Notice how the `else` statement is added to the `elif` statement, yet the two programs are functionally equivalent.


## When is this useful ?

`pygetsource` proves useful when you need to recover the source code from a `.pyc` file, or when a function is created through an eval statement or lambda syntax, since for the latter, Python versions earlier than 3.11 do not store the exact character offset of the function in the source code, making it hard to retrieve the lambda source code.

## Alternatives

[uncompyle6](https://github.com/rocky/python-uncompyle6) is a Python decompiler that supports Python 2 and 3 up to Python 3.8. It uses a grammar-based approach to rebuild code from bytecode patterns.
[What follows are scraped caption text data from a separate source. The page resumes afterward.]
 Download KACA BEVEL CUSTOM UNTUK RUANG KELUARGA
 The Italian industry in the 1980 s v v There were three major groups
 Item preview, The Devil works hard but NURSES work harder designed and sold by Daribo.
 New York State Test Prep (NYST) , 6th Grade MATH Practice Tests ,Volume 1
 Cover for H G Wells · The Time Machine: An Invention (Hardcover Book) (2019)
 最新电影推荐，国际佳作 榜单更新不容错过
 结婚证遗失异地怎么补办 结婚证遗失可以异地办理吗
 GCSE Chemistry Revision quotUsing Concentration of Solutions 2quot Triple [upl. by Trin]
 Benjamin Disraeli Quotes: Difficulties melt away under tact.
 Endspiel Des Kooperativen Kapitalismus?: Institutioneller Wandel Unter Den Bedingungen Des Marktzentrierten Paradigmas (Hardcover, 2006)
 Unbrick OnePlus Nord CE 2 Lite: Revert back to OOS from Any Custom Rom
This approach is less effective for higher versions that introduce various bytecode optimizations, especially regarding complex control structures like loops, or the example given above.
It is also licensed under a copyleft GPL license, making it less suitable for larger projects with permissive licenses.
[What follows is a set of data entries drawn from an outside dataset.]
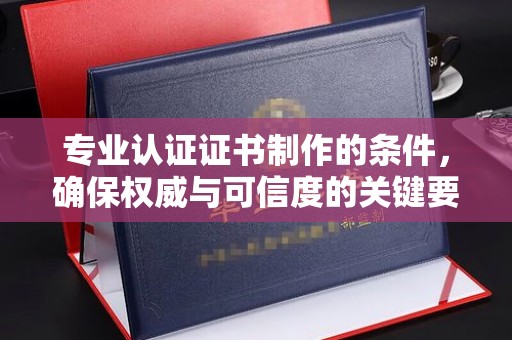 宜君专业认证证书制作的条件，确保权威与可信度的关键要素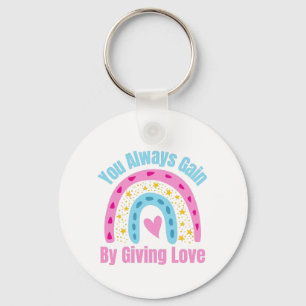 You Always Gain By Giving Love Key Ring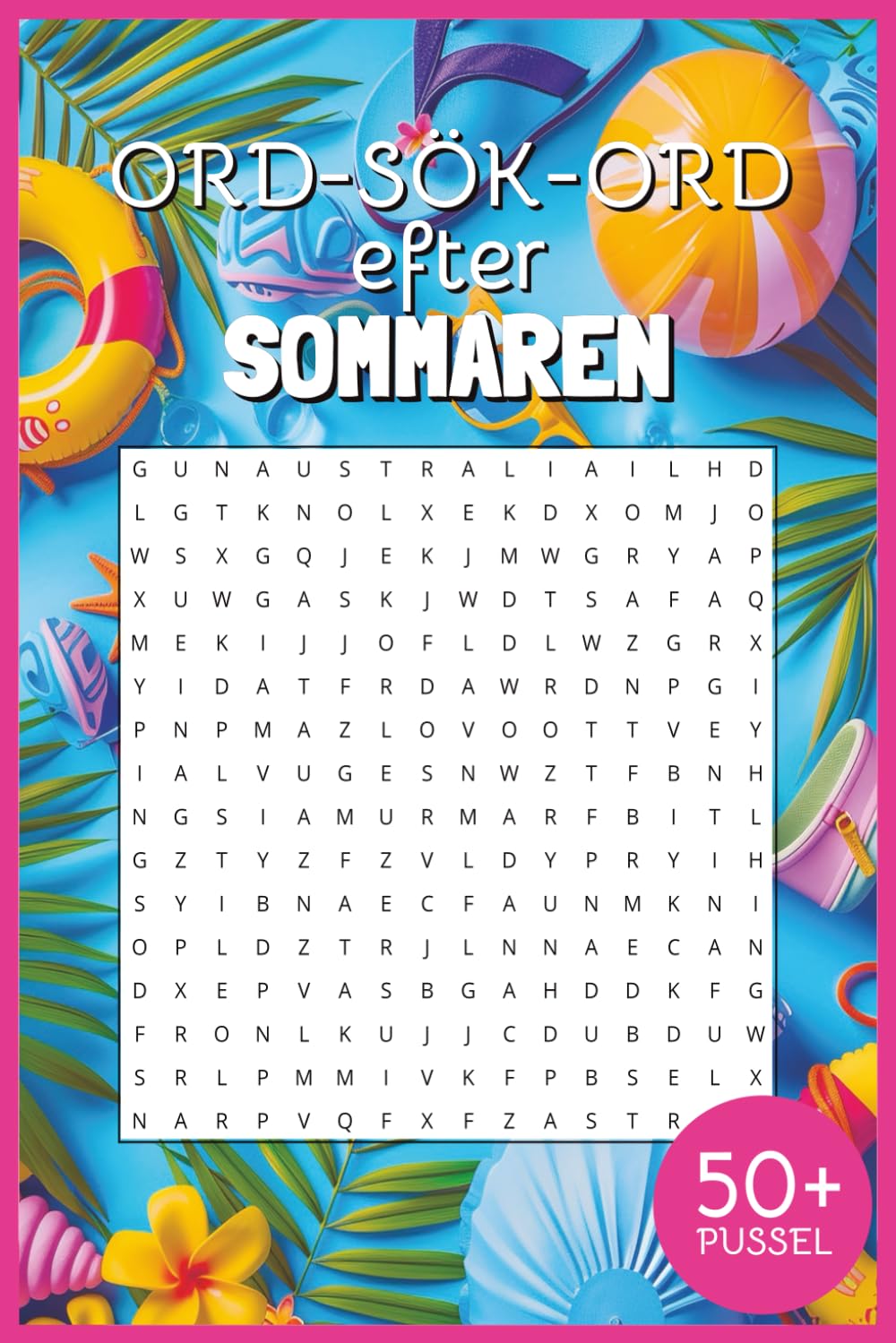 ORD-SÖK-ORD SOMMAR: WORD SEARCH efter SOMMAREN i denna PYSSELBOK (Swedish Edition) baixar livro de graça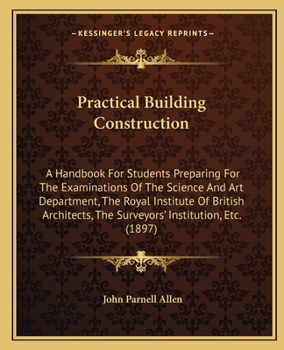 Paperback Practical Building Construction: A Handbook For Students Preparing For The Examinations Of The Science And Art Department, The Royal Institute Of Brit Book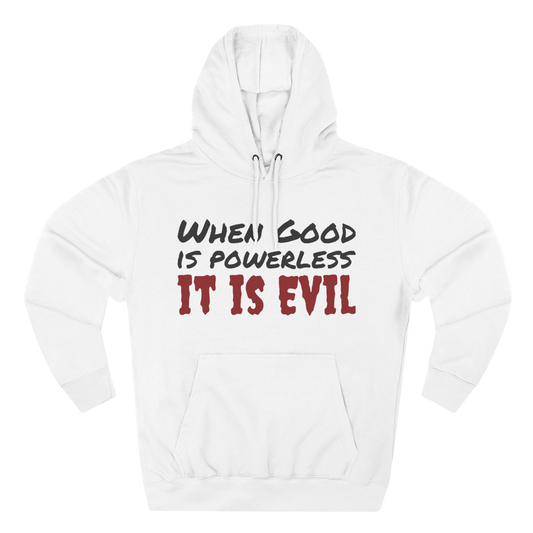 Cozy Fleece Hoodie - "When Good is Powerless, it is Evil"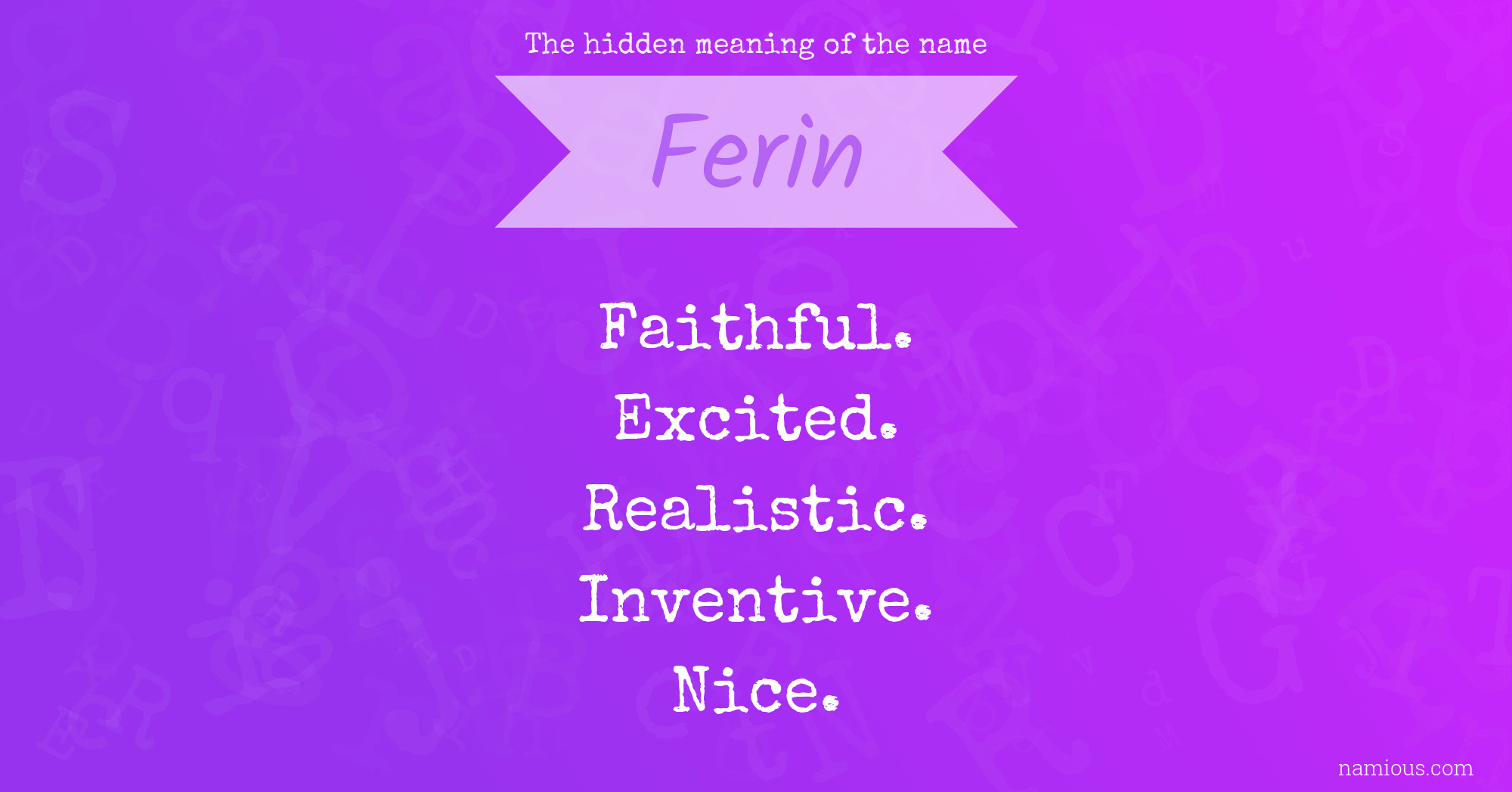 The hidden meaning of the name Ferin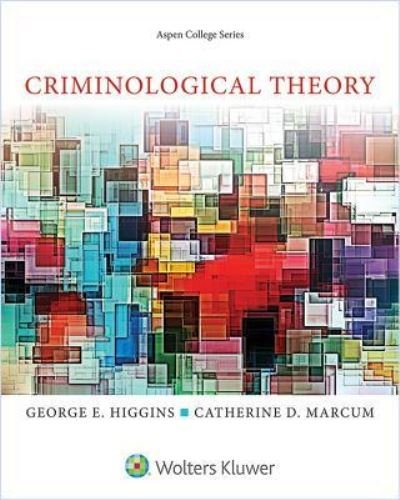 Cover for Higgins · Criminological Theory (Book) (2016)
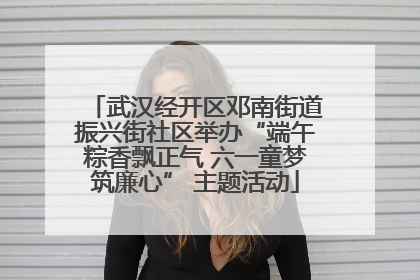 武汉经开区邓南街道振兴街社区举办“端午粽香飘正气 六一童梦筑廉心” 主题活动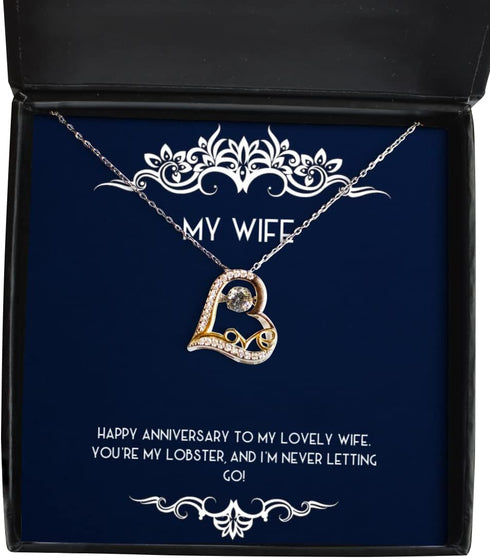 Generic Happy Anniversary to My Lovely Wife. You're My Lobster, and I! Wife
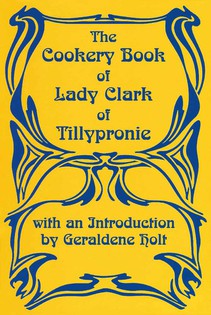 The Cookery Book of Lady Clarke of Tilleypronie
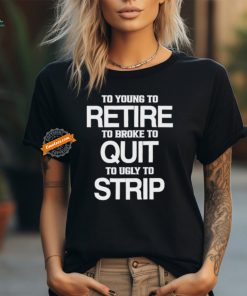 To Young To Retire To Broke To Quit To Ugly To Strip Shirt, hoodie, sweater, long sleeve and tank top To Young To Retire To Broke To Quit To Ugly To Strip Shirt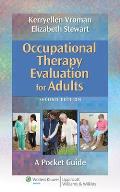 Occupational Therapy Evaluation for Adults: A Pocket Guide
[decompyle++ (pycdc)](https://github.com/zrax/pycdc) uses a state machine approach to build an AST iteratively by processing bytecode instructions. It's written in C++ and supports more Python versions than uncompyle6, but has more trouble decompiling  complex control structures like nested loops, break patterns, comprehensions, or the example given above. It also uses the copyleft GPL license.

## How does it work ?

`pygetsource` uses a distinct approach. The bytecode instructions are initially converted into a directed graph, representing the program's flow. This graph is then iteratively reduced, processing each node based on its opcode, argument, and position and generating the [AST](https://docs.python.org/3/library/ast.html) as it goes.
This method allows us to rely more on high-level patterns and less on Python’s idiosyncrasies when recreating complex structures like nested loops or break/return statements.
In constrast with [uncompyle6](https://github.com/rocky/python-uncompyle6) and [pycdc](https://github.com/zrax/pycdc), `pygetsource` uses the `ast` and `astunparse` libraries to generate the source code from the generated AST.
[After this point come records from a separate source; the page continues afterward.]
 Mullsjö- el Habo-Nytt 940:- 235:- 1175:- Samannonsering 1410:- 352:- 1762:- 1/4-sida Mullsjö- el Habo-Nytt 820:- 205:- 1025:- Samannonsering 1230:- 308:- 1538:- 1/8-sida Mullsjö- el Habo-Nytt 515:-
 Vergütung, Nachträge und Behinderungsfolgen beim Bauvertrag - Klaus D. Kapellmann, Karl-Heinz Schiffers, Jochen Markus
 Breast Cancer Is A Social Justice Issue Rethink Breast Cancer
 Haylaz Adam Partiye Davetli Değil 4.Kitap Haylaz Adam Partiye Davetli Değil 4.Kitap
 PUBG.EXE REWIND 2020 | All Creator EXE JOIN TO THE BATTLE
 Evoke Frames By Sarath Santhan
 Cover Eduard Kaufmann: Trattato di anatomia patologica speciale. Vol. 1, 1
Here is an example of a graph being reduced:

![Graph reduction](./docs/graph-example.svg)


Finally, this software is distributed under the permissive MIT license, making it ideal for use as a dependency in larger projects.

## When is a decompilation successful ?

Since the compilation process is injective, it's impossible to recover the exact original source code. Multiple Python programs can yield the same bytecode instructions. Also, the original source code is typically unavailable for comparison (why would you use this software otherwise ?).

If we recompile the generated program, we can compare the two sets of bytecode instructions to ensure functional equivalence. However, Python may introduce no-op codes (like 'NOP') that might cause this verification to fail despite the two code objects being functionally equivalent.

Instead, `pygetsource` compares the graph of the original code object with the graph of the recovered code object, after a pruning step. During this step, no-op codes are removed, jump instructions are pruned (while maintaining edges between source and target nodes), and dead-code is eliminated.

## Contributing

Contributions are welcome. Feel free to open an issue or submit a pull request. Any issues related to the decompilation process should include version of the Python interpreter used to generate the bytecode, the source code of the function, and the bytecode instructions as printed by `dis.dis(code)`.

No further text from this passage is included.